Dominic Cummings’ trillion dollar tech fantasy

We all got a laugh a couple of weeks ago upon learning why Dominic Cummings, the Dick Cheney of Boris Johnson’s government, wants the UK government free to provide state aid to companies (it’s one of the principal reaons for wanting to violate the EU Exit Agreement Johnson had pushed through Parliament just last year). The reason, as Robert Peston quotes Cummings, is:

Countries that were late to industrialisation were owned/coerced by those early (to it). The same will happen to countries without trillion dollar tech companies over the next 20 years.

The most obvious response to Cummings is best put by the inimitable Marina Hyde, who asks us to imagine a friend of Cummings looking him in the eye and saying ““Mate, with the best will in the world, what on EARTH about the last six months makes you think you can build the next Apple?”

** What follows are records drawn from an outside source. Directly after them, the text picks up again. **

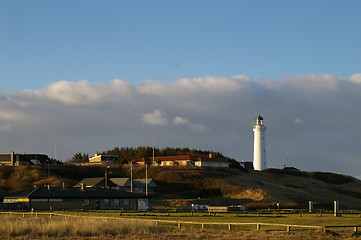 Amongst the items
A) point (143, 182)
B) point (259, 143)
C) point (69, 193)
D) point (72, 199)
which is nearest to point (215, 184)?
point (143, 182)

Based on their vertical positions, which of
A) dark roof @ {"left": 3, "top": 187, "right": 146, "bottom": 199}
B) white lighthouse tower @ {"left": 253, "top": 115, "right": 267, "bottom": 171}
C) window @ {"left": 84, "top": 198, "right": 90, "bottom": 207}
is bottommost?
window @ {"left": 84, "top": 198, "right": 90, "bottom": 207}

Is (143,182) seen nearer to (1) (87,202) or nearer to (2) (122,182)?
(2) (122,182)

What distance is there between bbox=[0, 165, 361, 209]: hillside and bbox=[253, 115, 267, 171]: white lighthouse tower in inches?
162

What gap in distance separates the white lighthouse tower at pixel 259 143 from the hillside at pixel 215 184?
13.5 ft

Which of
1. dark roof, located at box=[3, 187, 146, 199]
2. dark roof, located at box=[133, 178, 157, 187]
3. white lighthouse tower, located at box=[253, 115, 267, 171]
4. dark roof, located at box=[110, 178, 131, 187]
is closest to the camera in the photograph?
dark roof, located at box=[3, 187, 146, 199]

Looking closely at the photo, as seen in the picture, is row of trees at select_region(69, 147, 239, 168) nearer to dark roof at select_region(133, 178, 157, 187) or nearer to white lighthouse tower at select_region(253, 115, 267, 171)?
white lighthouse tower at select_region(253, 115, 267, 171)

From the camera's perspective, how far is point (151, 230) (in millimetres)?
43125

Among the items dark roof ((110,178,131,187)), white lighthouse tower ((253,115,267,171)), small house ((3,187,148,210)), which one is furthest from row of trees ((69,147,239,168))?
small house ((3,187,148,210))

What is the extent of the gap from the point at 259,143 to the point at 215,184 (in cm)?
2901

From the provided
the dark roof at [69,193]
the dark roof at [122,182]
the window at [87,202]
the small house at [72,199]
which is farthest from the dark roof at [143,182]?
the window at [87,202]

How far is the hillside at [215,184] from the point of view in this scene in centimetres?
11356

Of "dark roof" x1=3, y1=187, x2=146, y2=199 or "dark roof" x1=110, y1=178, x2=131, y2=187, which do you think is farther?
"dark roof" x1=110, y1=178, x2=131, y2=187

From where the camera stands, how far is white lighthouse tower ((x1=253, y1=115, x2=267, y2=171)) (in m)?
151

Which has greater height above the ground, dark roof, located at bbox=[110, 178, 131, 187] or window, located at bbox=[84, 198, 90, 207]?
dark roof, located at bbox=[110, 178, 131, 187] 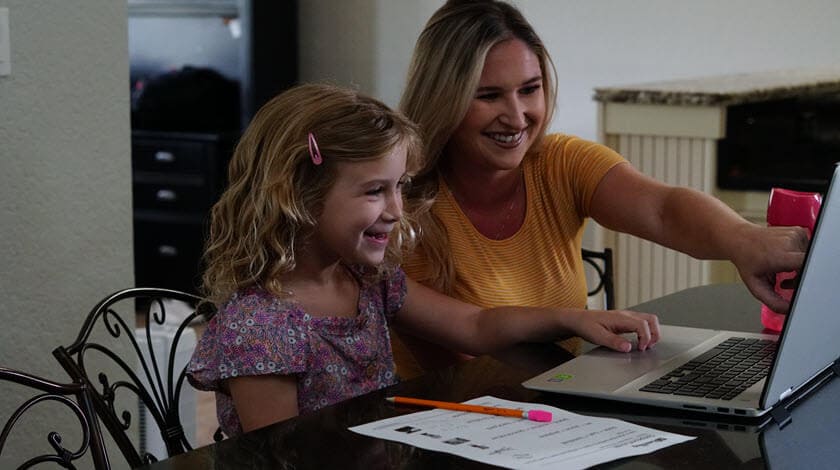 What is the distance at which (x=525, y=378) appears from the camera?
1546 mm

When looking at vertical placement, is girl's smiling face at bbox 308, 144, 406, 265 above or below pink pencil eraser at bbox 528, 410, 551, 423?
above

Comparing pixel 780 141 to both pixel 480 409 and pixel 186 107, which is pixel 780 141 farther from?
pixel 480 409

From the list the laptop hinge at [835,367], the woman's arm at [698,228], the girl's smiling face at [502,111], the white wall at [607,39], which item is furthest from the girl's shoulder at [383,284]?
the white wall at [607,39]

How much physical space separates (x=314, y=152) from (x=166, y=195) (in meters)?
3.88

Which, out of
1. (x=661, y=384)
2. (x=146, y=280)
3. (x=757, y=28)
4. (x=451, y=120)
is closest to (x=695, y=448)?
(x=661, y=384)

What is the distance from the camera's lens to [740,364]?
1.55 metres

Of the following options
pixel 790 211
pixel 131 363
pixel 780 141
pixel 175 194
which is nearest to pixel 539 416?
pixel 790 211

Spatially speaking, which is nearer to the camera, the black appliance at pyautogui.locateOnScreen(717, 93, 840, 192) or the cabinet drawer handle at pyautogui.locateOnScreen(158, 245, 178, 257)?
the black appliance at pyautogui.locateOnScreen(717, 93, 840, 192)

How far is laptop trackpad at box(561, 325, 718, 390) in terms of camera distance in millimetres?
1475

Others have allowed mere doubt about Cummings’ competence rather than denial of it, and then given him the benefit of that doubt; instead, they criticise his trillion-dollar tech company scheme on the grounds that the countries usually classed “late industrializers” – from Germany and the USA in the late 19th century to Korea in the late 20th – are often reckoned to have done pretty well for themselves, and to have avoided ownership and coercion by Britain. In this regard, though, I think Cummings assertion is entirely correct, even if (for reasons I’ll get to) his idea is bad. Britain did use its position as the first industrial power to both own and coerce much of the world, and it did so successfully for over a century. And Britain’s success in this does offer some parallels with America’s, and the trillion-dollar tech companies of the Silicon Valley and Seattle, today. But does that mean Britain can, or should, try to follow that model today? Let me tell you why not.

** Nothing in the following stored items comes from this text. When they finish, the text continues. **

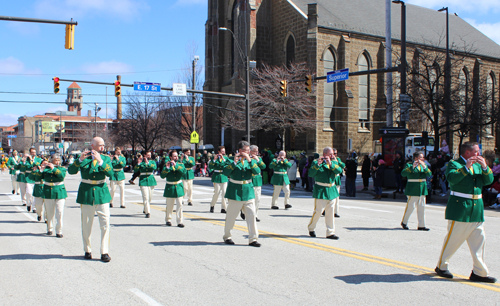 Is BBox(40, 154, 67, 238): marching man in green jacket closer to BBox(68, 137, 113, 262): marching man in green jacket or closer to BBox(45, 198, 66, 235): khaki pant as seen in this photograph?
BBox(45, 198, 66, 235): khaki pant

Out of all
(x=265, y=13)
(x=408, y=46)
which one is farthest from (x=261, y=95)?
(x=408, y=46)

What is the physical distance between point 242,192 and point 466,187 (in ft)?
12.1

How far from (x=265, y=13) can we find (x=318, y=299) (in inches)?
1594

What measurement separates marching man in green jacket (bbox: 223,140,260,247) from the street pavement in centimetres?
30

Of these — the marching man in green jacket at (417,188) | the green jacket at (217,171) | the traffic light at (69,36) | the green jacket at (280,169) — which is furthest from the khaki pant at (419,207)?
the traffic light at (69,36)

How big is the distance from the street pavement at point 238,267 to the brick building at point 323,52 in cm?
2803

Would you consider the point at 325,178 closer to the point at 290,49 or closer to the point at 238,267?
the point at 238,267

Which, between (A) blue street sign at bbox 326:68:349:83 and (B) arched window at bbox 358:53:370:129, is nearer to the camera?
(A) blue street sign at bbox 326:68:349:83

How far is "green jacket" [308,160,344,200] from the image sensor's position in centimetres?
864

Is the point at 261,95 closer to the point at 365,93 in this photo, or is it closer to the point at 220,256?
the point at 365,93

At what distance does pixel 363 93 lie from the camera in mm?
42656

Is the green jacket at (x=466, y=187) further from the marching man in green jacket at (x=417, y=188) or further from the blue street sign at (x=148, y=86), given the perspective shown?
the blue street sign at (x=148, y=86)

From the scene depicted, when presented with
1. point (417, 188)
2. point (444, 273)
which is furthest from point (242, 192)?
point (417, 188)

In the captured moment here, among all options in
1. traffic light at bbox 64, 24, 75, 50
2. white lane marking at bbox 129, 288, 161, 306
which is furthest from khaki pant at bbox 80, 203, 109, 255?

From the late 18th century through the early 20th, Britain strove to keep its industrial head start by protecting the position of its manufacturers in international markets, in ways familiar to any student of history. For many decades, when it was the workshop of the world and controlled most of the cutting edge technologies, it forbade both the export of industrial machinery and the emigration of people who knew anything about making it. Eventually, the secrets leaked out anyway and Britain began to lose its manufacturing monopolies to rivals like Germany and the USA. Britain responded by building a larger empire, so that the sun never set on its captive market. Within the empire there was a strict division of labor, with manufactured products coming from the home country; parts of the empire had already developed internationally competitive manufacturing industries, and those had to go – India’s textile and shipbuilding industries, for example, were destroyed so that they would no longer threaten Britain’s industrial (and military) monopoly. So, yes, plenty of control and coercion, as Cummings says.

Today, the international monopolists are American the tech giants. These giants – the trillion or near-trillion dollar companies – are not the foremost technological innovators, but are companies which have become as rich by carving out monopolies in software and the Web, digital gardens large or small with walls to keep competitors out. Google dominates search, Amazon online retail, Microsoft office applications and personal computer operating systems, Google and Facebook online advertising, Google and Apple phone apps, and so on.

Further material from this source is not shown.